Written by: Jill Lewis

Illustrated by: Deborah Allwright

Published by: Egmont

Reviewed by: Lauren Radburn

Being a grump means that King Grouchy has no friends and even the palace staff doesn’t like to hang around long enough to hear what he wants.  When he plans to make friends with Prince Jolly he is determined to make it the perfect day, but his staff are so terrified of the grumpy king that they hide from him and can’t hear his instructions.  What ensues is a hilarious game of Chinese whispers as the Royal Butler passes on a list of requirements to the Royal Footman, who yells them on to the Royal Gardener who panics and shouts them on to the Royal Maid.

No wonder what awaits Prince Jolly is a scene of complete chaos as goats in boats cavort with bears in flippers, ponies frolic with hares and chickens and they’re all wearing frilly knickers.  How will King Grumpy react and more importantly what will Prince Jolly think?

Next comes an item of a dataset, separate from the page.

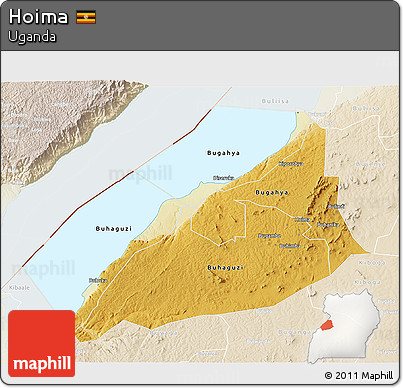 Physical 3D Map of Hoima, lighten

There is nothing subtle about this brighter than life picture book with its gate fold page spread of zany animal antics.  The text is great for exploring rhyming words with young readers and they can have fun thinking up their own crazy Chinese whispers to add to the scene.  Jill Lewis and Deborah Allwright are a winning team, combining lively text with detailed, fun-filled illustrations.  Young children will love the title of this funny picture book and appreciate the message that being grumpy won’t help you to make friends!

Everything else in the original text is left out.